We've been on septic systems for more than 31 years. The only maintenance that I do is to have the tank pumped out in every year that ends in 0 or 5 (about $250), and I flush a cup or two of copper sulphate crystals down a toilet about 3 times a years to keep roots out of the drain field. (We have a heavily landscaped yard.)
If your system backs up, then that's usually a problem with the drainfield. The only time that a system should get sluggish is during periods of extremely heavy rains and full ground saturation (here that means hurricanes), and that problem should go away very quickly, if you have it at all. If not, you may need to have the Health Department inspect your system and give you a permit for an additional drainfield line to help solve it. Hopefully, you won't have to replace the entire field.
Good Luck!
Mike
Edit P.S. It is best not to add anything into a septic system that isn't easily biodegradeable so it won't clog the system. That means anything from cigarette filters to feminine products to excess grease, bleach, paint, etc. We routinely pour used grease and cooking oils into the trash, for instance.


----------



## vapros (Sep 30, 2006)

I'm glad this came up. I live in the woods and my system has a PVC pipe, @ 3 to 4" inside diameter, sticking up diagonally about 16". It has a screw-on cap that you would remove with a big wrench. Also, I don't think you could get closer than about sixty feet with a truck.

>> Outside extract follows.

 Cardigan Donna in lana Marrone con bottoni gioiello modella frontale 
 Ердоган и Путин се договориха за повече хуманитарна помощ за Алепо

How often should it be pumped? How do you tell when it's time?


----------



## NateHanson (Apr 15, 2007)

Vapros, if your system is anything like the ones around here, that's probably not a pump-out. But maybe things are different in your neck of the woods.

I've been advised exactly as Mike described - pump out and inspect the tank about every 5 years. (You can't tell how the tank is operating if you don't excavate the tank to pump it, so even if that pipe you've described IS for pumping out, I'd consider having the guys open things up to take a look and see how the water level is, how much grease/fat is on top of the tank, and generally give the system a check-up. Time and money well spent twice a decade, for a system that can cost thousands to repair, and tens of thousands to replace if a problem goes undetected and gets out of control.


----------



## Mike Swearingen (Mar 15, 2005)

Everything going into a septic system, besides the waste water, should be trapped inside the tank. That's what the tank is for. Sand and other heavier particles will settle to the bottom, and sludge, grease, etc. will float on top. All of these "solids" are what should be removed at least every five years.
The waste water (only) should discharge from the tank into a small distribution box and then to all of the perforated drainfield lines. Waste water is absorbed and filtered into the ground, and methane sewer gas exits through the surface (makes grass greener). A basic system here is a 1,000-gallon tank, a d-box and 210' of drainfield line for up to 3-4 bedrooms.
Each system is specifically designed for the soil type and number of bedrooms of the home attached to it. Additions to the total drainfield length are determined by the soil type and usage.
Those stand pipes that you're describing are not required here, but I think that they're for visual inspection of the drainfield water, and not for pump out of a tank. If they were from a tank, the odor from a tank would be significantly stronger than from the far end of a drainfield line. The tank should be close to the house.
Mike


----------